**EXERCISE AIM**:
Could you give again exactly, and only, the lines from the one holding "4-бөлмелі пәтер ·" through the end of the data, both ends included, with pictures left out?

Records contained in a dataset

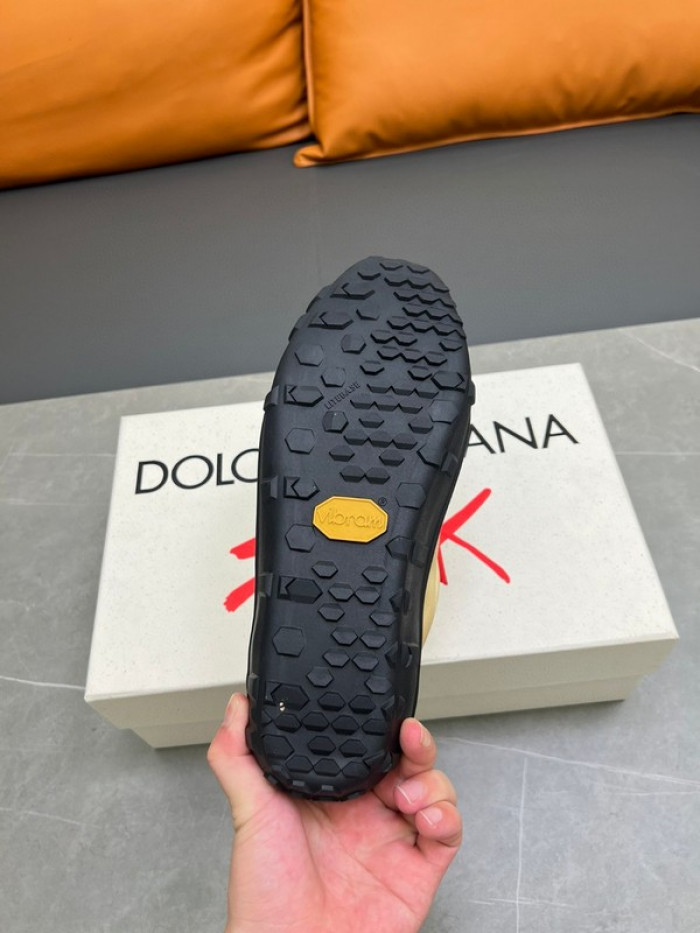 DG SNEAKER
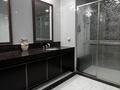 4-бөлмелі пәтер · 150 м² · 6/20 қабат, ул. Асанбая Аскарова 4, бағасы: 900 000 ₸ в Алматы, Бостандыкский р-н — фото 21
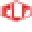 Elftmann Tactical Icon
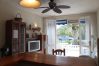 Bungalow en Hospitalet de L´Infant - CASA 18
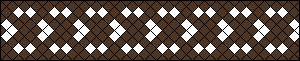 Normal pattern #100190 variation #292848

**ANSWER**:
 4-бөлмелі пәтер · 150 м² · 6/20 қабат, ул. Асанбая Аскарова 4, бағасы: 900 000 ₸ в Алматы, Бостандыкский р-н — фото 21
 Elftmann Tactical Icon
 Bungalow en Hospitalet de L´Infant - CASA 18
 Normal pattern #100190 variation #292848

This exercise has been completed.